New technology, dubbed EMV, which stands for Europay, MasterCard and Visa, is already widely used in Europe and is poised to move into the U.S. market later this year. The technology involves a computer chip inside credit cards, which creates a dynamic transaction code for each purchase – making it impossible to create counterfeit cards at the point of sale. Toward the end of this year, consumers will begin receiving these new types of cards from issuers, Conroy says.

In the meantime, consumers can take extra steps to protect themselves against what Aite describes as an increasing amount of fraud since 2011, partly a result of large data breaches. ABA's Johnson says every customer should monitor transactions regularly by checking accounts online more than once a month. "Don't wait for the monthly card statement to come in the mail," he says.

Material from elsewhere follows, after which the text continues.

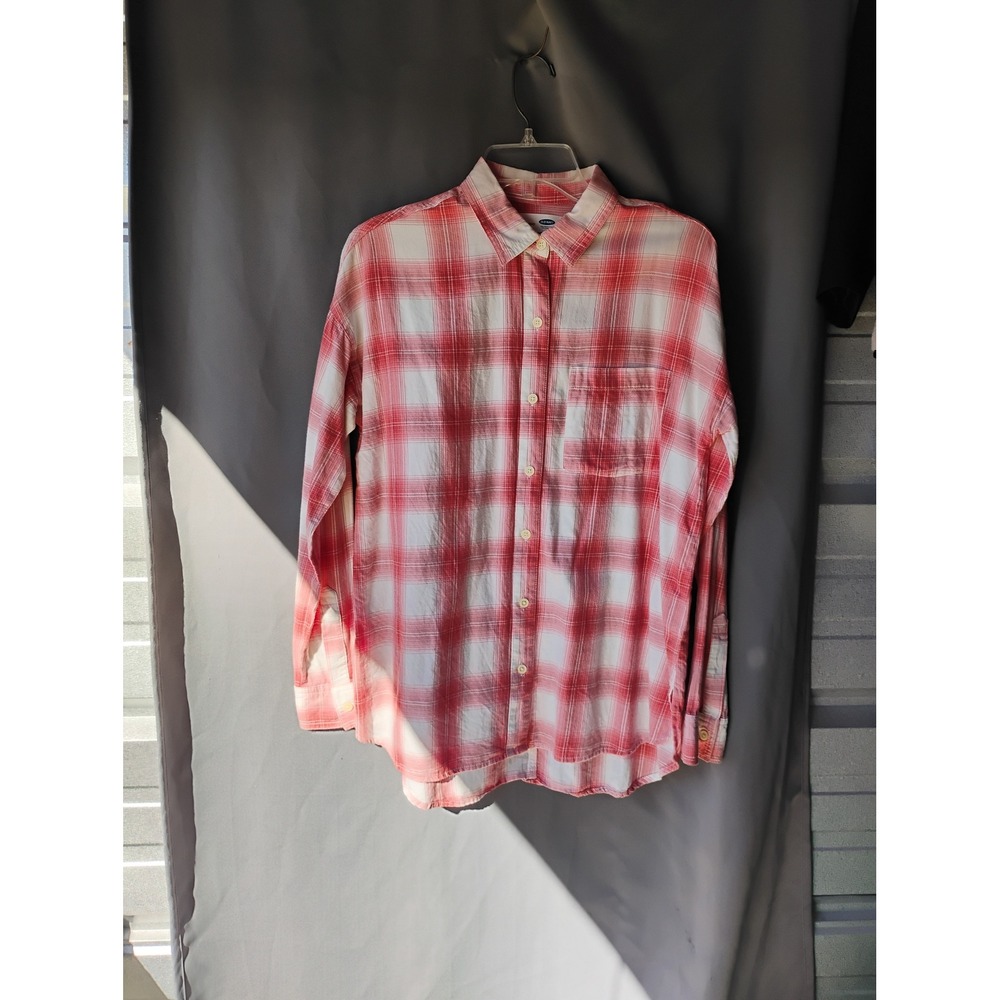 Old Navy Boyfriend Shirt Womens Small Red White Plaid Button Down Long Sleeve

He also suggests using a credit card, not a debit card, for daily and online purchases because unauthorized transactions on debit cards can affect the balance available.

Johnson adds that customers should alert their card providers to any international trips in advance to avoid having a card flagged for suspicious activity. "If you're in Europe, it's inconvenient to have those transactions questioned," he says.

[Read: How to Make Sense of a Credit Card's Terms and Conditions.]

Helwig also says you should beware of emails purporting to be from your bank that ask you to enter personal information on a website. These so-called "phishing scams" use fake emails and websites to steal personal information and money. Instead of clicking on URLs within emails, always visit your financial institution's website by typing in the URL yourself, and make sure you're on the correct website.

"Customers really still are the first line of defense, and a lot of the analytics in place rely on getting those in-bound calls from consumers," Conroy says. She checks her own accounts at least three to four times a week to make sure there are no unauthorized transactions. She also suggests being particularly careful about browsing the Internet on mobile devices. "Mobile fraud is increasing more quickly, partly because consumers don't treat their mobile devices as the tiny computers they are. Put a password on your device so if you lose it, someone can't transact," she says.

In almost all cases, banks cover the cost of any fraudulent purchases, but victims can still find themselves inconvenienced by temporarily frozen accounts and cancelled cards. That inconvenience, though, is far less off-putting then being the ongoing victim of identity theft.